Preveza and into the “Inland Sea”
03 September 2010
Preveza is a welcoming town and frequent stop for cruisers in the Ionian. It was even more welcoming for us as we were unexpectedly greeted by friends Daphne and Jim (s/v Qunitessence) who were standing on the town wall ready to take our lines and share tales of their travels since our last meeting in Siracusa, Sicily in May 2009. We happily entertained aboard Sangaris and accepted their invitation for dinner the following night. In between "catching up" we successfully shopped for a new fresh water pump, cockpit table, a "WIND" internet top-off, various provisioning bits. We filled the water tank and gave the boat a much needed washdown ... all gratis whilst tied stern-to the quay as it was after the seasonal 'rush'. Though not populated with many cruising boat crew, the trendy bars and cafes along the waterfront and charming backstreet tavernas were bustling with Greek tourists.
It was cool and rainy most of our time at the dock, but as soon as it cleared on Monday morning, we sailed around the corner and into Amvrakikos Kolpos, the Gulf of Amvrakia aka the Inland Sea.
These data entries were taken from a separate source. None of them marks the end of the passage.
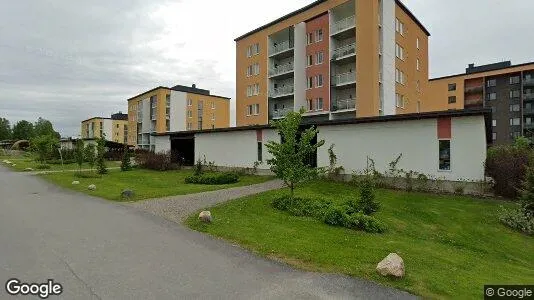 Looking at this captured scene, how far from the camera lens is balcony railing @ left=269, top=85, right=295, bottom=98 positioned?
44659mm

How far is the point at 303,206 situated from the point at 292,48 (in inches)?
1395

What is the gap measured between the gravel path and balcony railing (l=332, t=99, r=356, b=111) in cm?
2332

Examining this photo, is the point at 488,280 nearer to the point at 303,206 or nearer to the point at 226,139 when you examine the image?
the point at 303,206

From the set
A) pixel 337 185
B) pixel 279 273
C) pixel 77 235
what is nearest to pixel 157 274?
pixel 279 273

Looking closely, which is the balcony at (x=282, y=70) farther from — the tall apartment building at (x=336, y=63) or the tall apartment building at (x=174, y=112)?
the tall apartment building at (x=174, y=112)

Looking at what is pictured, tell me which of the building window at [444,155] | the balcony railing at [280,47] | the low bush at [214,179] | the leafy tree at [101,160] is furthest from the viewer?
the balcony railing at [280,47]

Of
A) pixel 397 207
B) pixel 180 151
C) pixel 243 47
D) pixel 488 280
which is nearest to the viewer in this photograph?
pixel 488 280

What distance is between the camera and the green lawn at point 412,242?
22.6 feet

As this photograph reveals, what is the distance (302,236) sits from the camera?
9.38 m

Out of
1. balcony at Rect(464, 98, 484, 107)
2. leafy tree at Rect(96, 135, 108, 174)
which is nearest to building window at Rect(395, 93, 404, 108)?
balcony at Rect(464, 98, 484, 107)

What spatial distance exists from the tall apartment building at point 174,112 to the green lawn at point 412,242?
6129cm

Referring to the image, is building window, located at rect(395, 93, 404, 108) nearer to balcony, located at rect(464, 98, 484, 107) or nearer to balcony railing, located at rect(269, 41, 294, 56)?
balcony railing, located at rect(269, 41, 294, 56)

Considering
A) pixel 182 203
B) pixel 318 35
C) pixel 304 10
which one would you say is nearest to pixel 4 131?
pixel 304 10

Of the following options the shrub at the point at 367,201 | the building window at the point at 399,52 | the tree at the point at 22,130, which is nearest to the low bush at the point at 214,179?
the shrub at the point at 367,201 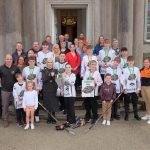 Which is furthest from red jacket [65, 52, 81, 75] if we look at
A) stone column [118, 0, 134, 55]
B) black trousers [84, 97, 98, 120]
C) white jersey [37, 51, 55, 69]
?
stone column [118, 0, 134, 55]

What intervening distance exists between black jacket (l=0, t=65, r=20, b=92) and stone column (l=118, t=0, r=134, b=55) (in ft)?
13.2

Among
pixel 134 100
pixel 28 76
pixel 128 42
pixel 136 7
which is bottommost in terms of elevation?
pixel 134 100

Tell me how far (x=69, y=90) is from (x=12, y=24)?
343cm

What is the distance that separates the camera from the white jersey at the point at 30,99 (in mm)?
9039

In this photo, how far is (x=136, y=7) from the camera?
12.0 metres

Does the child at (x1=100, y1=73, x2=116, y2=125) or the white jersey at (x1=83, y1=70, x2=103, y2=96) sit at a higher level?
the white jersey at (x1=83, y1=70, x2=103, y2=96)

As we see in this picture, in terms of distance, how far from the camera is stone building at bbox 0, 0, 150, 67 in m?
11.5

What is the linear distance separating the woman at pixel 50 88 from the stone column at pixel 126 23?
3379 mm

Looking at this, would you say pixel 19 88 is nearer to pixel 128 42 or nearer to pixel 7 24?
pixel 7 24

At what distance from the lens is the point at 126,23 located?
459 inches

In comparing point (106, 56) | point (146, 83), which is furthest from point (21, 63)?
point (146, 83)

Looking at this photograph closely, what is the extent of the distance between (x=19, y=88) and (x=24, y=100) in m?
0.33

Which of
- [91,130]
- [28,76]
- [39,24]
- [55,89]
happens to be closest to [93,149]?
[91,130]

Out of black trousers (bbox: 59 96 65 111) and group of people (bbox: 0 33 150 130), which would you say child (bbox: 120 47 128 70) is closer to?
group of people (bbox: 0 33 150 130) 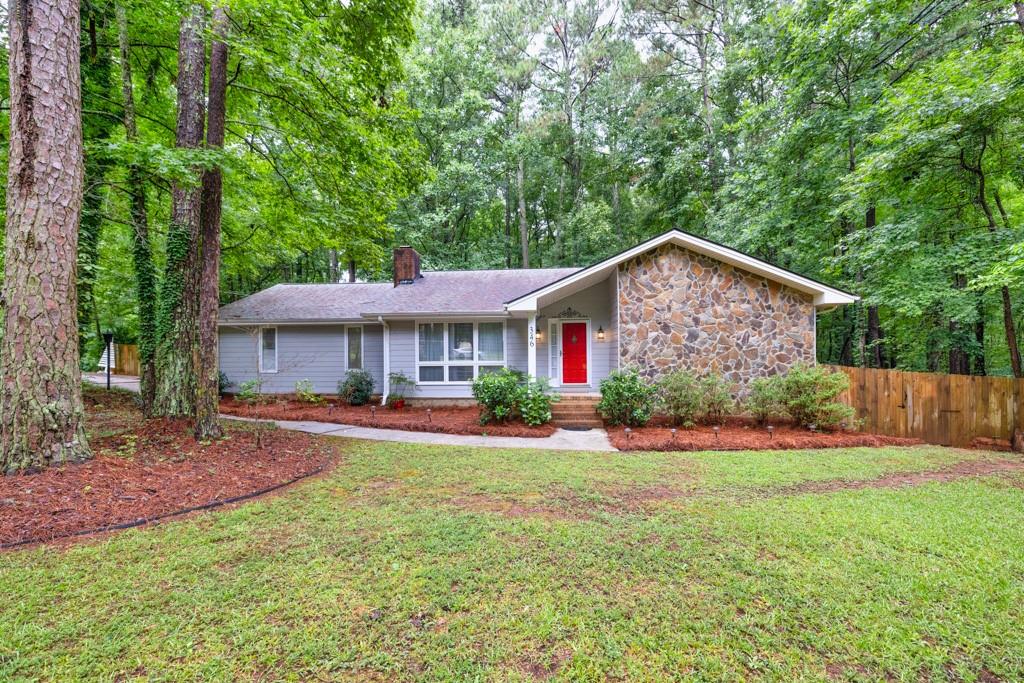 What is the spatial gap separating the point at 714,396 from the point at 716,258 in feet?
10.8

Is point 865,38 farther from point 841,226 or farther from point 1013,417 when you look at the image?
point 1013,417

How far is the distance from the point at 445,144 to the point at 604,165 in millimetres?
8071

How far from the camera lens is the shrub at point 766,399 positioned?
28.1 ft

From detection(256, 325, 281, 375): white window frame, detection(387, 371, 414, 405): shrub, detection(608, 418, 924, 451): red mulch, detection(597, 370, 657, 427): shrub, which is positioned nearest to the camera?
detection(608, 418, 924, 451): red mulch

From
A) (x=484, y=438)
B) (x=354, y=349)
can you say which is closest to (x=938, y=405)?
(x=484, y=438)

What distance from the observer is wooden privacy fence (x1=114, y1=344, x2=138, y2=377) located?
21.8m

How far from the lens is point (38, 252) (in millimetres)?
4445

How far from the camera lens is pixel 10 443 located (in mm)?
4316

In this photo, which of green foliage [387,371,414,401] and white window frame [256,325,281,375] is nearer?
green foliage [387,371,414,401]

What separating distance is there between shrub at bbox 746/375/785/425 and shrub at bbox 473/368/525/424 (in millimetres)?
4986

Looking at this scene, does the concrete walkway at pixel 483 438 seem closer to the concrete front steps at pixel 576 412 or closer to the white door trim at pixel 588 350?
the concrete front steps at pixel 576 412

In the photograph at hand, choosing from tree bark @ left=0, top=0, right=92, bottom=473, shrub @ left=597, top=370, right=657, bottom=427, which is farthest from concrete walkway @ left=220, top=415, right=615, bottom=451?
tree bark @ left=0, top=0, right=92, bottom=473

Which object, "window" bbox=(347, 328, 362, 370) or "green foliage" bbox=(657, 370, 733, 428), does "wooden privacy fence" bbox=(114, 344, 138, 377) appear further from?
"green foliage" bbox=(657, 370, 733, 428)

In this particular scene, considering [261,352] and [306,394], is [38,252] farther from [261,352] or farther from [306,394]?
[261,352] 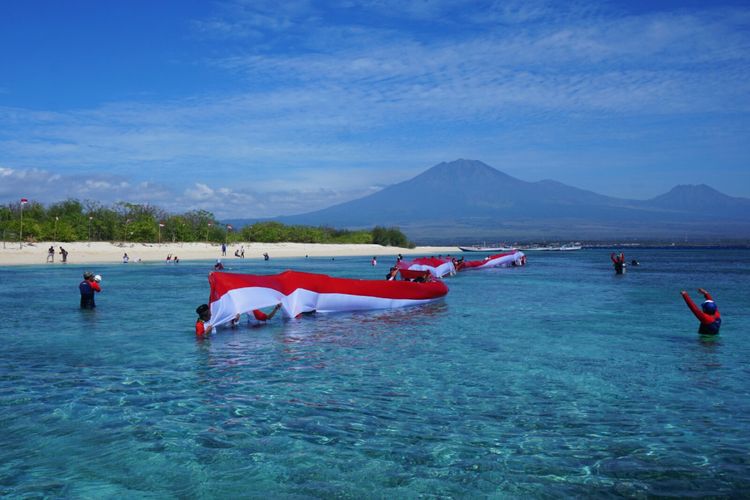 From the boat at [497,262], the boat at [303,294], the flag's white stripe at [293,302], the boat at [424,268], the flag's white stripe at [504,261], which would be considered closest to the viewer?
the boat at [303,294]

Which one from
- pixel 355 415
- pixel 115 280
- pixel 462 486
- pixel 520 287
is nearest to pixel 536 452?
pixel 462 486

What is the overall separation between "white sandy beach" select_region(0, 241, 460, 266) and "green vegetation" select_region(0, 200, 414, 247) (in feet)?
9.10

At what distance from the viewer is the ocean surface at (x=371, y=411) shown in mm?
7352

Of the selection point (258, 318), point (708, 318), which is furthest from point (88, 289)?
point (708, 318)

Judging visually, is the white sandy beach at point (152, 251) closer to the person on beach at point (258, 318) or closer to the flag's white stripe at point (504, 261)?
the flag's white stripe at point (504, 261)

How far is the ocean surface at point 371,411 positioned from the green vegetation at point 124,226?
70.0 metres

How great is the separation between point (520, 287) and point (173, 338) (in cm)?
2602

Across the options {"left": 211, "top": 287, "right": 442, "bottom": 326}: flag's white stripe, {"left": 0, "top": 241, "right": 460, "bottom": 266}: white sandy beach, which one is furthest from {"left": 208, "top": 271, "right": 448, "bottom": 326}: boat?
{"left": 0, "top": 241, "right": 460, "bottom": 266}: white sandy beach

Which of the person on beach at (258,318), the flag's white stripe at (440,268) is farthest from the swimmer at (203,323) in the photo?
the flag's white stripe at (440,268)

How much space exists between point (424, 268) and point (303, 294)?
18.3 meters

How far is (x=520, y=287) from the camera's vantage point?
39000mm

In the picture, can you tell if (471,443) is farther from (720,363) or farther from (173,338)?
(173,338)

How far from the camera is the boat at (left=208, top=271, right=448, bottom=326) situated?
18516 mm

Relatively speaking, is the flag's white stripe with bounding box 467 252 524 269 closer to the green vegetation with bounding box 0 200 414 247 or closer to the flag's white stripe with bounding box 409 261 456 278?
the flag's white stripe with bounding box 409 261 456 278
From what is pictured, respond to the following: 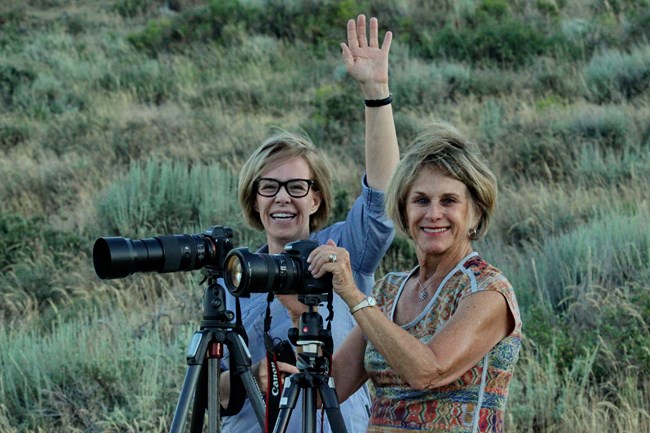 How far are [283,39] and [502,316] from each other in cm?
1530

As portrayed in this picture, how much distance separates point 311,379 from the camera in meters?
3.25

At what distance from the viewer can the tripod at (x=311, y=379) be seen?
127 inches

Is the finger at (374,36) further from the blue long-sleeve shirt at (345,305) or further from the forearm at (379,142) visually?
the blue long-sleeve shirt at (345,305)

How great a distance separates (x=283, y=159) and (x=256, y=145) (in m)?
7.58

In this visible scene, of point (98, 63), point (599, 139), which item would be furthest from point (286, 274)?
point (98, 63)

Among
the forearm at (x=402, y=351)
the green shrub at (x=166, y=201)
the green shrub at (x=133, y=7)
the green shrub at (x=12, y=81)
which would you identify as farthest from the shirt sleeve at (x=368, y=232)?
the green shrub at (x=133, y=7)

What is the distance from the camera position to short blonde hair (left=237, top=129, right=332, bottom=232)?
4113 mm

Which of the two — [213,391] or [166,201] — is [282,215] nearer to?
[213,391]

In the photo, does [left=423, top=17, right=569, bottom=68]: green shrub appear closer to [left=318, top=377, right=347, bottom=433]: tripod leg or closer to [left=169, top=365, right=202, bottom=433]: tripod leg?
[left=169, top=365, right=202, bottom=433]: tripod leg

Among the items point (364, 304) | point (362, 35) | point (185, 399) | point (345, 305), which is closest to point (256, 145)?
point (362, 35)

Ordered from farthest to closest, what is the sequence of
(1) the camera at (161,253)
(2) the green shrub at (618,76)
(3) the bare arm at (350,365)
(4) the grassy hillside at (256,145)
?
(2) the green shrub at (618,76)
(4) the grassy hillside at (256,145)
(1) the camera at (161,253)
(3) the bare arm at (350,365)

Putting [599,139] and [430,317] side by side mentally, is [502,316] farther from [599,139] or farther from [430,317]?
[599,139]

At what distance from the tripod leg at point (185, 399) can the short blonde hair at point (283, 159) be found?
2.53 ft

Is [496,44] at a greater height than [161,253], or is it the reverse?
[161,253] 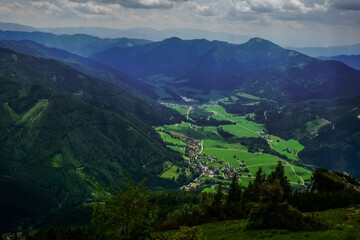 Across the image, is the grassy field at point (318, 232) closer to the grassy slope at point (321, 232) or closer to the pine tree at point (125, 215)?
the grassy slope at point (321, 232)

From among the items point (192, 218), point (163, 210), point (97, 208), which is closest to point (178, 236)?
point (97, 208)

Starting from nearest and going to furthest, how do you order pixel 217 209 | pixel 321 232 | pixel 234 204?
pixel 321 232
pixel 217 209
pixel 234 204

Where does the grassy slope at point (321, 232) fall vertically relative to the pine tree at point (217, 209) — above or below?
above

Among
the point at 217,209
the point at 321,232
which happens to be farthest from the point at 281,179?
the point at 321,232

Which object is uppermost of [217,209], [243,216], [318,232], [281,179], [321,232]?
[321,232]

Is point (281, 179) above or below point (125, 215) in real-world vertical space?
below

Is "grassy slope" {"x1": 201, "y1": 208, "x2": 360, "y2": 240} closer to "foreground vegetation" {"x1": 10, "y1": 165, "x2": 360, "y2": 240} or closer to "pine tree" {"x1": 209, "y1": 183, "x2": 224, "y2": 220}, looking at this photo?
"foreground vegetation" {"x1": 10, "y1": 165, "x2": 360, "y2": 240}

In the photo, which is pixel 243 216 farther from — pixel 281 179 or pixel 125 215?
pixel 125 215

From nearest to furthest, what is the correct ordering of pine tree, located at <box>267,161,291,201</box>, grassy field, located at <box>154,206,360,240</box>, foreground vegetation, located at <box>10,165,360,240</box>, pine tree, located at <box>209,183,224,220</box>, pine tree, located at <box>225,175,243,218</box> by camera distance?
1. foreground vegetation, located at <box>10,165,360,240</box>
2. grassy field, located at <box>154,206,360,240</box>
3. pine tree, located at <box>225,175,243,218</box>
4. pine tree, located at <box>209,183,224,220</box>
5. pine tree, located at <box>267,161,291,201</box>

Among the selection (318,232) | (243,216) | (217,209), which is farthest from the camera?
(217,209)

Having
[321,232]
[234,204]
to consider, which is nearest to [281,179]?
[234,204]

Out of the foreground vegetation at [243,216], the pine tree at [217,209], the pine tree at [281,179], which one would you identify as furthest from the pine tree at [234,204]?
the pine tree at [281,179]

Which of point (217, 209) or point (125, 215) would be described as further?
point (217, 209)

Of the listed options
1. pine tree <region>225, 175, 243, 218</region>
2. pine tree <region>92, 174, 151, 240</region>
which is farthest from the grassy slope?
pine tree <region>92, 174, 151, 240</region> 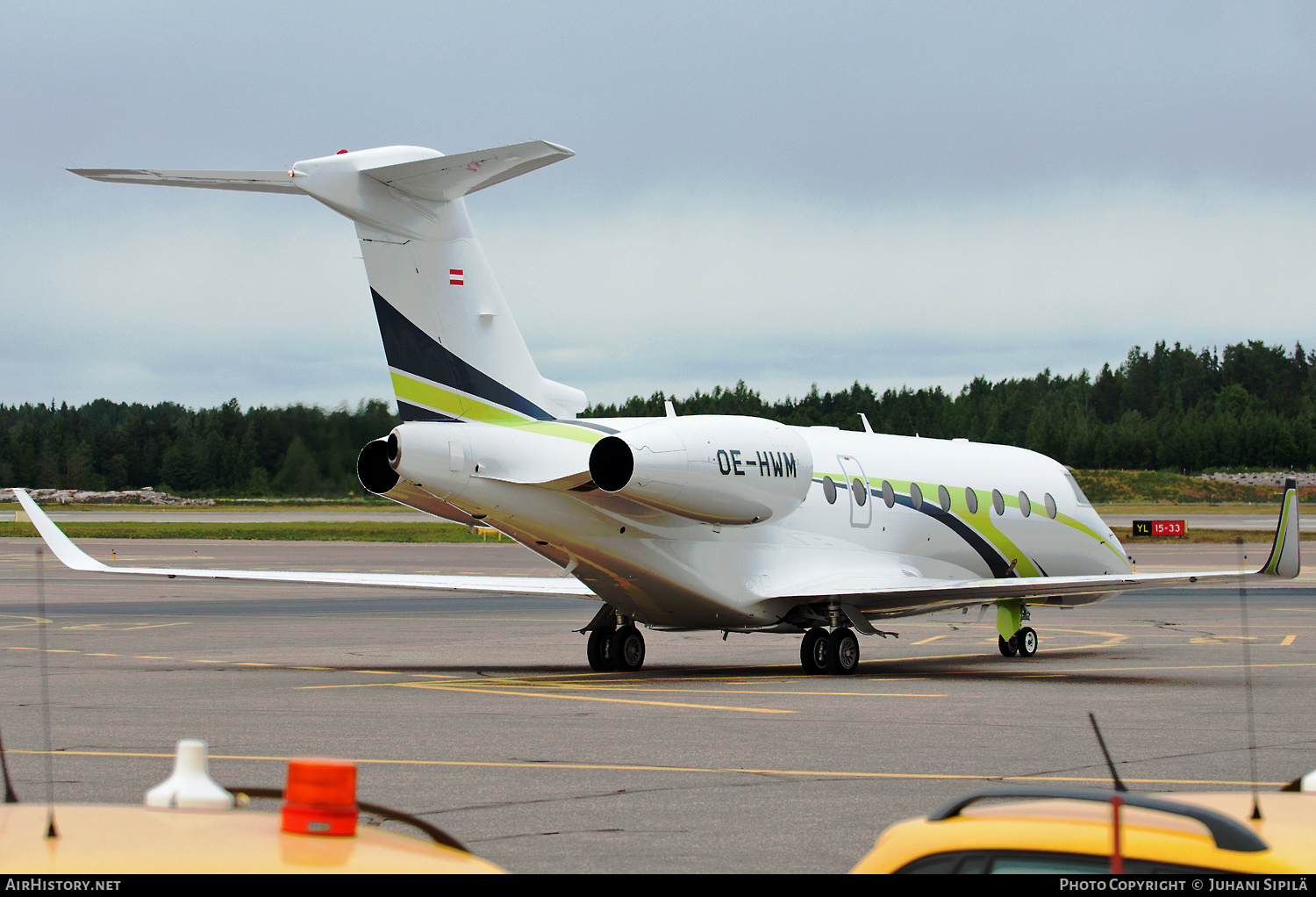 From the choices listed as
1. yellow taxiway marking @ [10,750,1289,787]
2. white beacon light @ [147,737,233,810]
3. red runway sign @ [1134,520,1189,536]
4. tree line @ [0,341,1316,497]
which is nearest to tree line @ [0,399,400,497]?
tree line @ [0,341,1316,497]

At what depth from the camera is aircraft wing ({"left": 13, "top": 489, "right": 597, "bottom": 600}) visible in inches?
728

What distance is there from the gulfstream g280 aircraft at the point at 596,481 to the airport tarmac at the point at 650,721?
113cm

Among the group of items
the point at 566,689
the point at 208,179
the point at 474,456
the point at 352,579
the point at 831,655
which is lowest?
the point at 566,689

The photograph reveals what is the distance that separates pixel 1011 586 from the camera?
19.4 m

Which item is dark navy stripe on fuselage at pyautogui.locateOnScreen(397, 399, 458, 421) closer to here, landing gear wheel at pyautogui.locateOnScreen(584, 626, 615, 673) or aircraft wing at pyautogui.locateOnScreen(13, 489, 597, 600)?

We anchored off Nikopolis and took the bikes in the next day to see the ruins of this "Victory City" built by Octavian to commemorate his defeat of Anthony and Cleopatra at the battle of Actium. We won't go into all the historic battle details, but it was a strategic win and one that effectively determined the course of the Roman Empire. What you see in the photo montage are remains of the Nikopolis stadium where athletic games and musical events held as well as the huge carved stones that used to form the pediment at the top of Octavius' monument. There was little signage, no guides nor fellow tourists, 'just us' and our imaginations of the long past grandeur of this ancient site.
Dinghy-ing the bikes back to Sangaris we set off on fast beam reach across about 10 miles to anchor off the pine treed peninsula near Vonitsa. The evening sunset beyond the Venetian castle and fort and then the night-time lights around its perimeter made for a truly lovely and "sticky" spot. So "sticky", in fact, that we were "stuck" for three days, enjoying biking around town, hiking to the top of the Venetian fortress and enjoying the calm conditions that usually define the anchorages around this beautiful inland sea.
Cruiser's notes: Given "low season" we could have side-tied and med-moored anywhere along the quay. Water was available from taps hidden under concrete blocks in the gardens along the waterfront. No charge during our September visit!